▸ What needs to be done
Your response should be an exact transcription of the data, images excluded.

::::::::

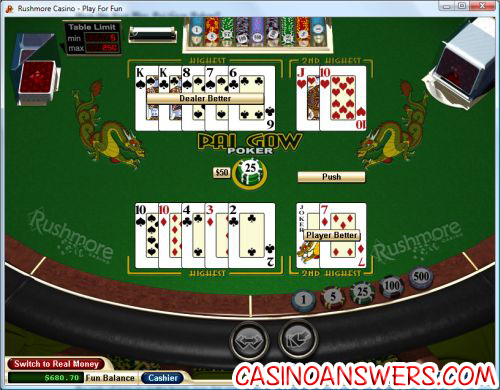 pai gow poker final hand demonstration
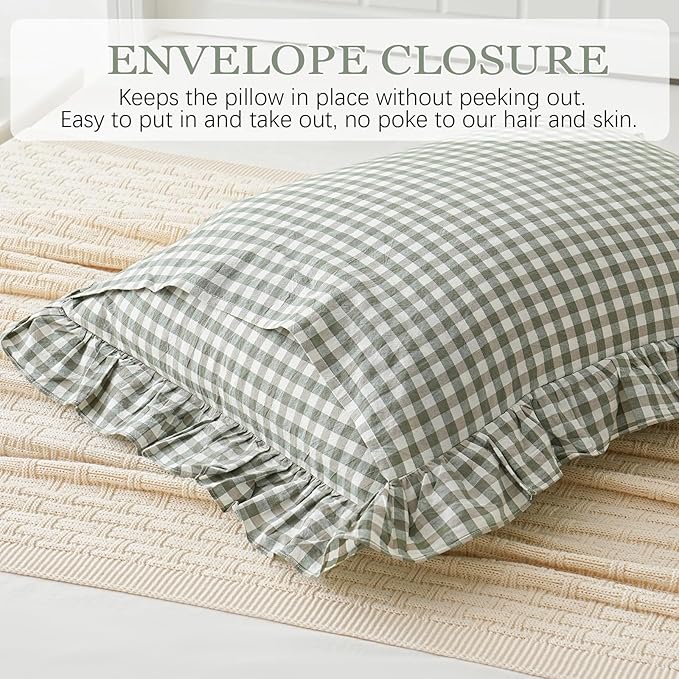 2 Pack Sage Green White Plaid Ruffle Euro Shams Pillow Covers 26x26 inches - Image 5
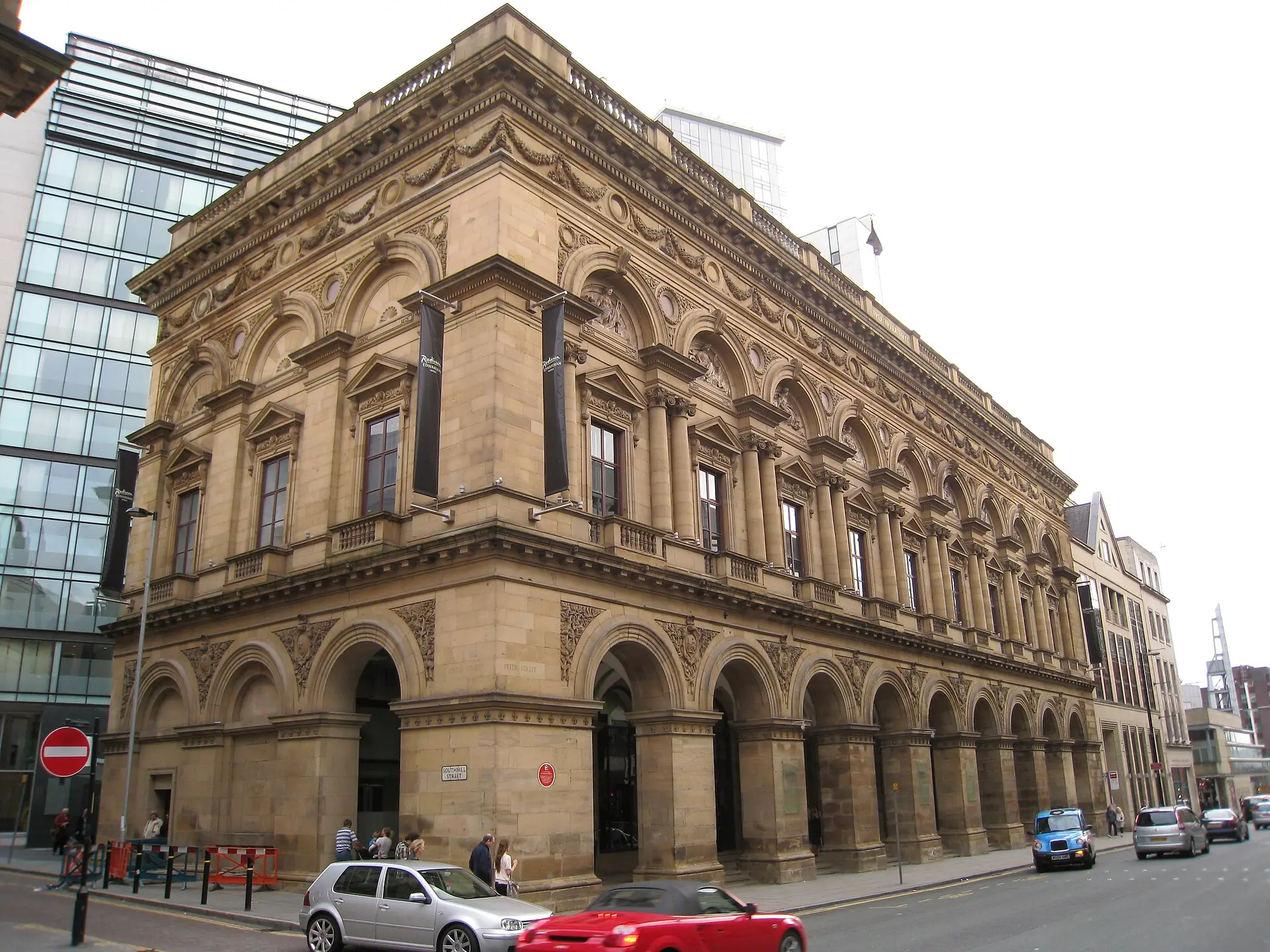 The Free Trade Hall, Manchester, where a listener shouted "Judas!" in May 1966; only the front survives (photo 2008)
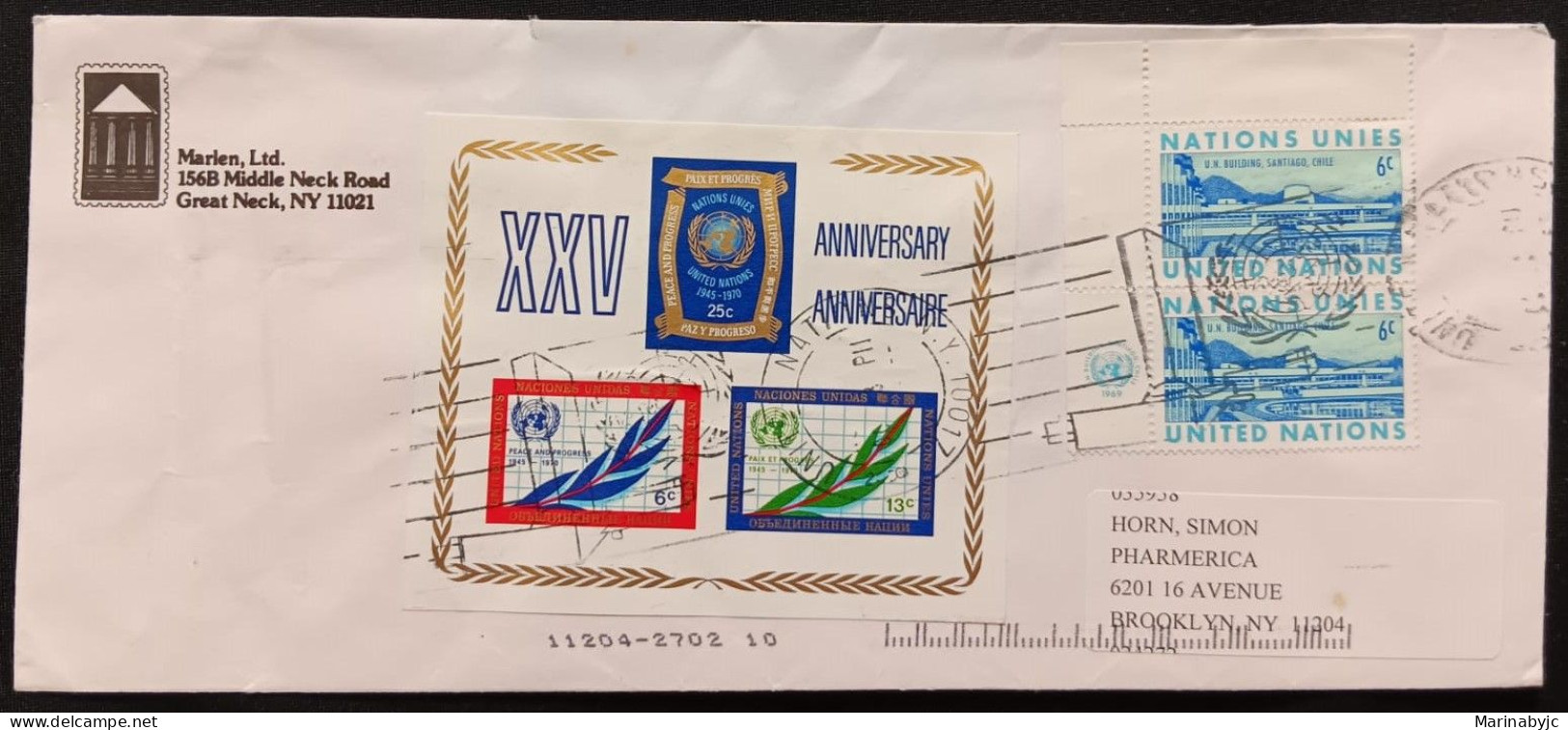 DM)1970, UNITED NATIONS, FIRST DAY COVER, ISSUE, XXV ANNIVERSARY OF THE UNITED NATIONS, UN SERIES, SANTIAGO DE CHILE, FD - Other & Unclassified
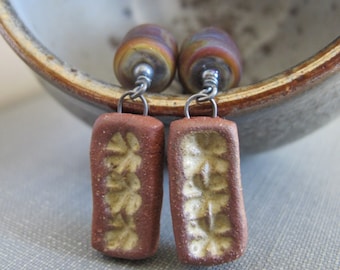 Ceramic Earrings, Silver Earrings, Lampwork Glass, Glass Earrings, Clay Earrings, Reddish Brown, Sterling Silver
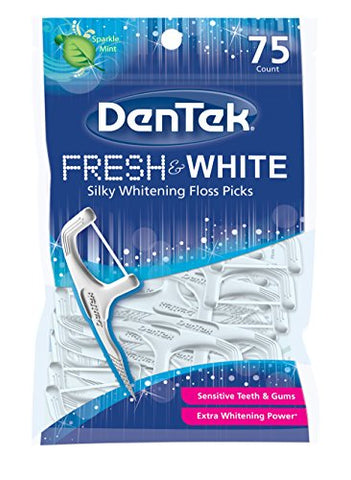 MedTech Dentek - Fresh and White Silky Whitening Floss Picks, Sparkle Mint 75 ct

::::::::

▸ Task output
 pai gow poker final hand demonstration
 2 Pack Sage Green White Plaid Ruffle Euro Shams Pillow Covers 26x26 inches - Image 5
 The Free Trade Hall, Manchester, where a listener shouted "Judas!" in May 1966; only the front survives (photo 2008)
 DM)1970, UNITED NATIONS, FIRST DAY COVER, ISSUE, XXV ANNIVERSARY OF THE UNITED NATIONS, UN SERIES, SANTIAGO DE CHILE, FD - Other & Unclassified
 Ceramic Earrings, Silver Earrings, Lampwork Glass, Glass Earrings, Clay Earrings, Reddish Brown, Sterling Silver
 MedTech Dentek - Fresh and White Silky Whitening Floss Picks, Sparkle Mint 75 ct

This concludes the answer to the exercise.